((

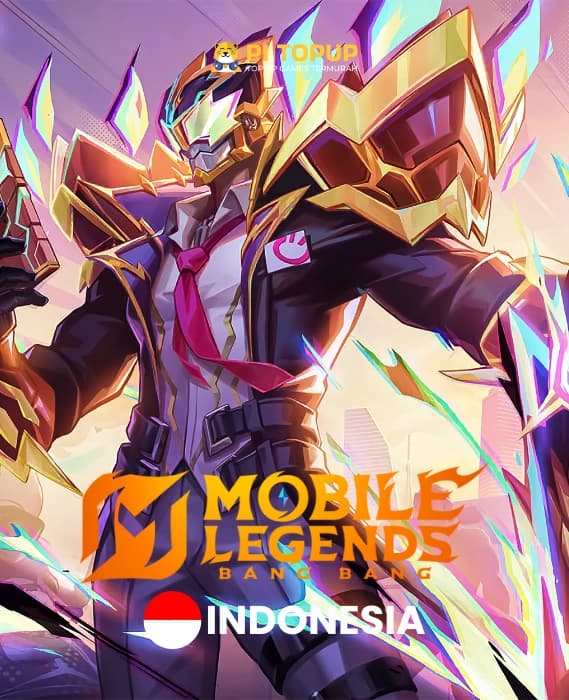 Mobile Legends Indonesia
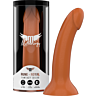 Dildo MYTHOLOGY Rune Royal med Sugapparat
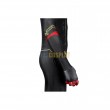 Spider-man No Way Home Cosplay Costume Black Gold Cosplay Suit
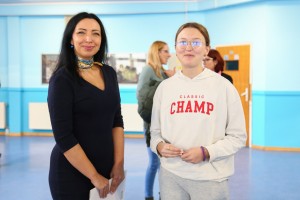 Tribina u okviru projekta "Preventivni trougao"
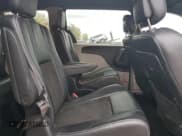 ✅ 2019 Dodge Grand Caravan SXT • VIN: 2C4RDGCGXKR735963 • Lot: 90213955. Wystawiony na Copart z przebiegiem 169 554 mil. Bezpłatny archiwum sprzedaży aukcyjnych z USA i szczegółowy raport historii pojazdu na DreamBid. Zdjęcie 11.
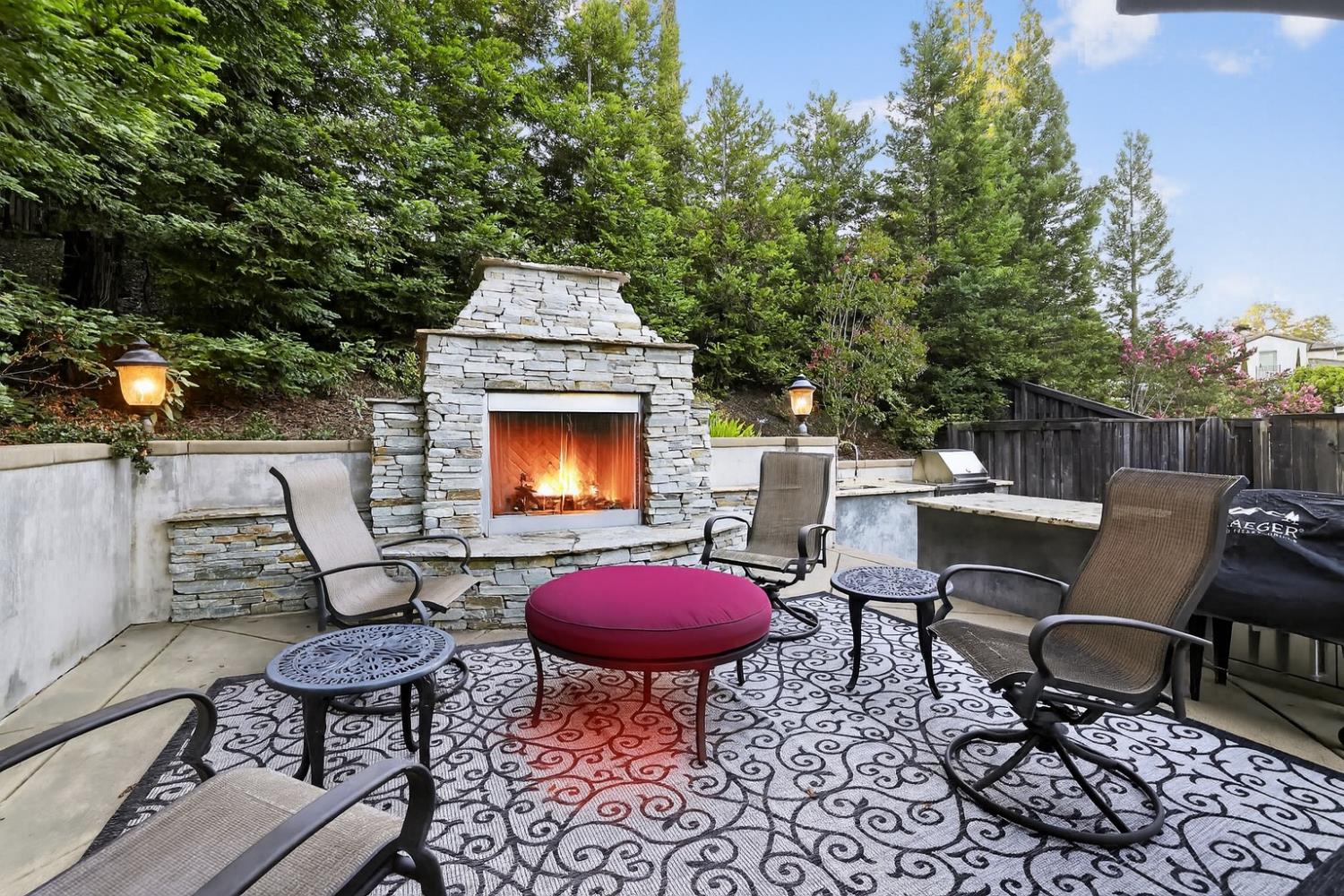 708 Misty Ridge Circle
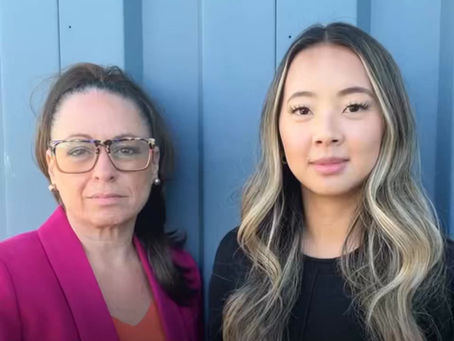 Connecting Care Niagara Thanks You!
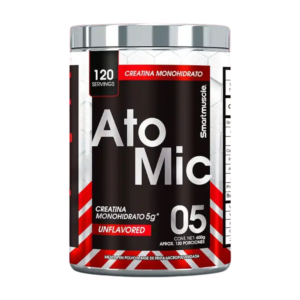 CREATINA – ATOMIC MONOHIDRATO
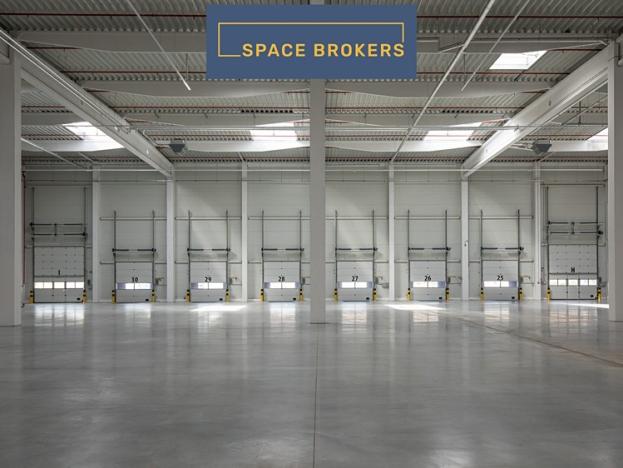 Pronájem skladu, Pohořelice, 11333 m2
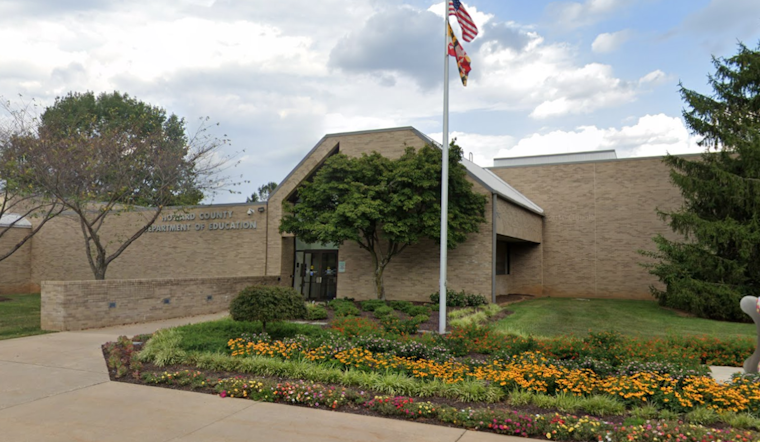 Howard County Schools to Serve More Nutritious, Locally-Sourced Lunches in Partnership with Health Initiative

))

== Required action ==
Where an entry contains an image, skip the image and write out the rest exactly.

== Problem solution ==
 Mobile Legends Indonesia
 Dildo MYTHOLOGY Rune Royal med Sugapparat
 Spider-man No Way Home Cosplay Costume Black Gold Cosplay Suit
 Tribina u okviru projekta "Preventivni trougao"
 ✅ 2019 Dodge Grand Caravan SXT • VIN: 2C4RDGCGXKR735963 • Lot: 90213955. Wystawiony na Copart z przebiegiem 169 554 mil. Bezpłatny archiwum sprzedaży aukcyjnych z USA i szczegółowy raport historii pojazdu na DreamBid. Zdjęcie 11.
 708 Misty Ridge Circle
 Connecting Care Niagara Thanks You!
 CREATINA – ATOMIC MONOHIDRATO
 Pronájem skladu, Pohořelice, 11333 m2
 Howard County Schools to Serve More Nutritious, Locally-Sourced Lunches in Partnership with Health Initiative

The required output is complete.